● EXERCISE PROMPT
After locating the line with "Used BMW 5 Series" in the entries below, output it and each following line up to and including the line with "Dieta karmiącej mamy", exactly and without pictures.

RECORDED INFORMATION Block Start

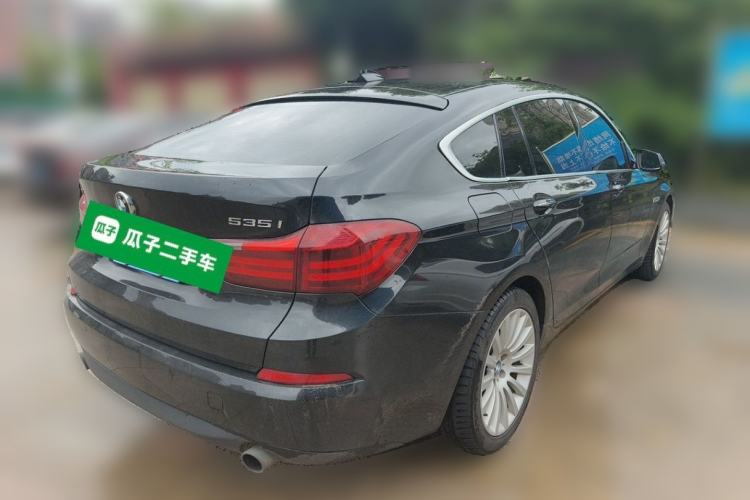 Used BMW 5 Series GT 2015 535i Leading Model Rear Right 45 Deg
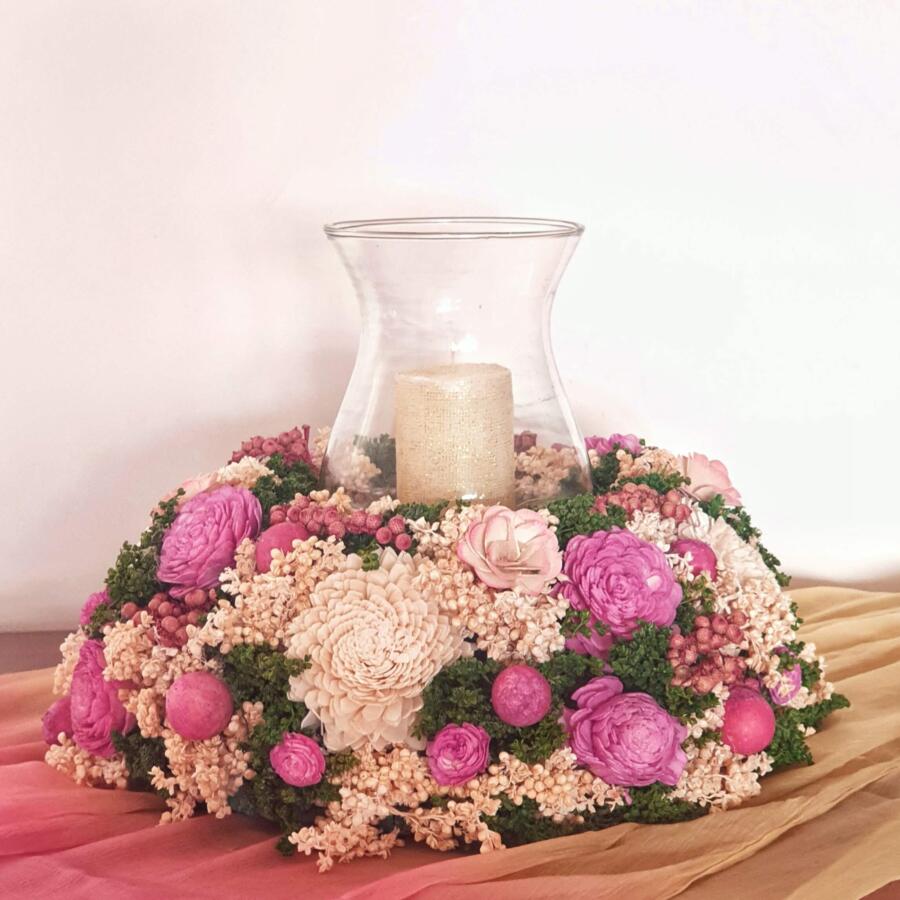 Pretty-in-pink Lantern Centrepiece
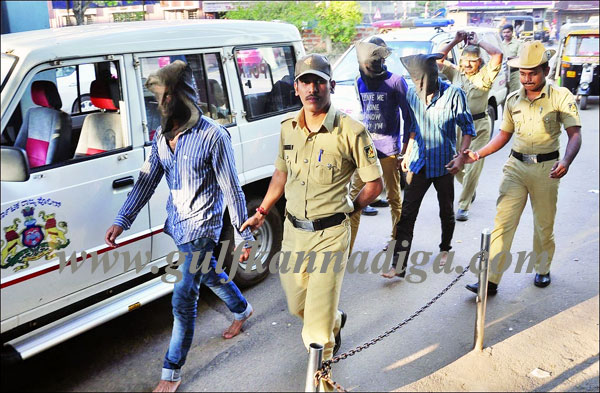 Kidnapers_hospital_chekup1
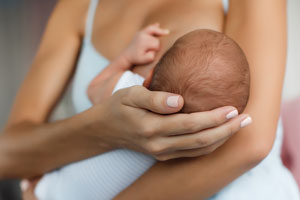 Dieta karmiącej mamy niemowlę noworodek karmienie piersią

RECORDED INFORMATION Block End
RECORDED INFORMATION Block Start

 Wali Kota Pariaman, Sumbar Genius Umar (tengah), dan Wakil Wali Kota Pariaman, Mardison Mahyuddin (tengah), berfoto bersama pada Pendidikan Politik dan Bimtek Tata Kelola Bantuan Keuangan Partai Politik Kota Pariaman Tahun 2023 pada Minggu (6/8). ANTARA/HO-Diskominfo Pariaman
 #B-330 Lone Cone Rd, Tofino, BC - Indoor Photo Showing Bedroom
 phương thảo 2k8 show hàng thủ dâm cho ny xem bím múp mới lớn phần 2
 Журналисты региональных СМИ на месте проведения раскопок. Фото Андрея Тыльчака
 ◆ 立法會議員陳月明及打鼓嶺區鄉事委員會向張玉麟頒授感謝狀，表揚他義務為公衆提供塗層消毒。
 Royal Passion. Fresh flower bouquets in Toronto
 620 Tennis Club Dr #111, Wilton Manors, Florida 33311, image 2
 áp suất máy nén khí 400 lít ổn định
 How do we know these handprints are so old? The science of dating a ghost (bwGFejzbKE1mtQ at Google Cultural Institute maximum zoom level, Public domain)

RECORDED INFORMATION Block End
RECORDED INFORMATION Block Start

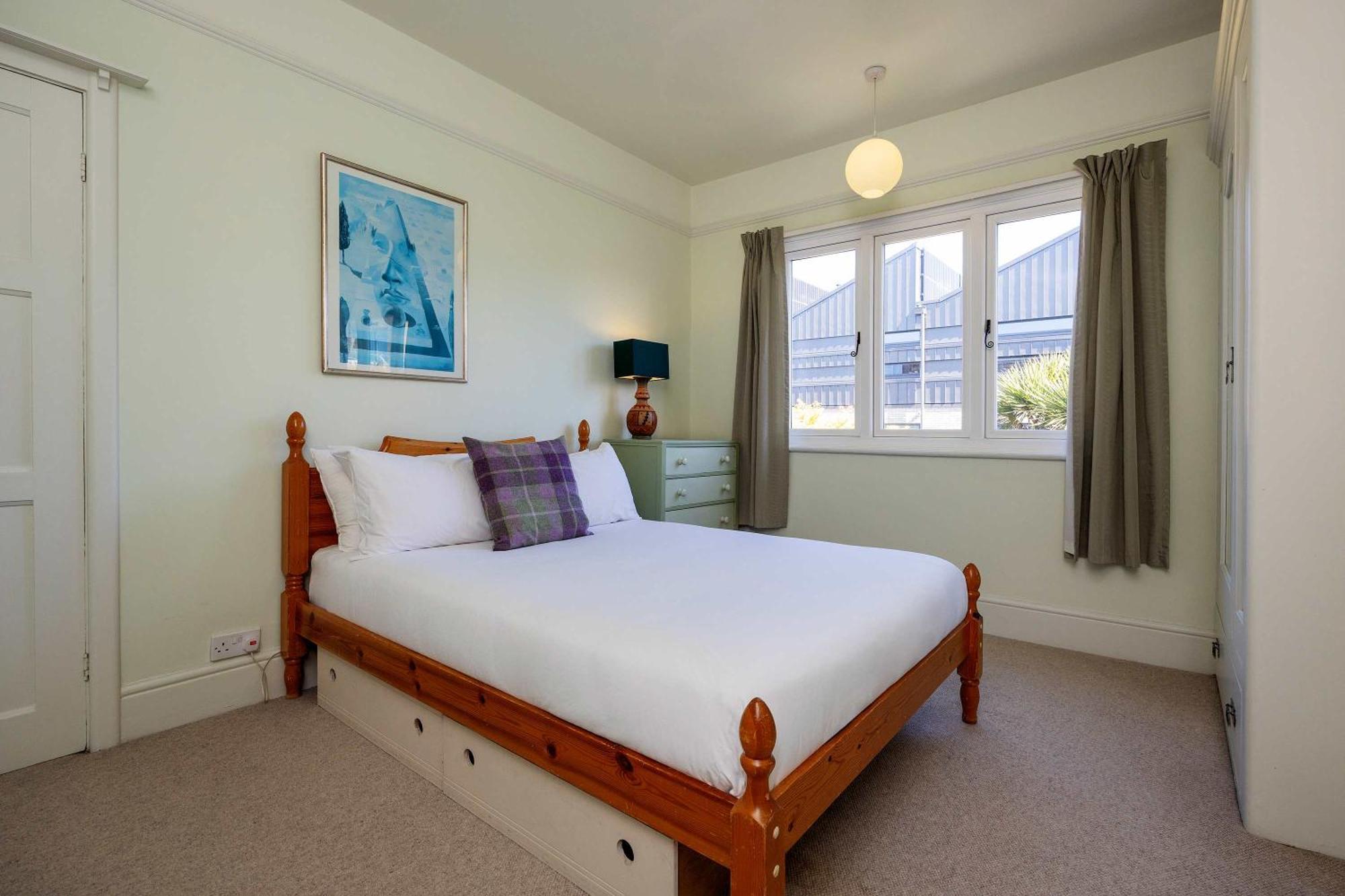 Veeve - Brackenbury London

RECORDED INFORMATION Block End

● ANSWER SECTION
 Used BMW 5 Series GT 2015 535i Leading Model Rear Right 45 Deg
 Pretty-in-pink Lantern Centrepiece
 Kidnapers_hospital_chekup1
 Dieta karmiącej mamy niemowlę noworodek karmienie piersią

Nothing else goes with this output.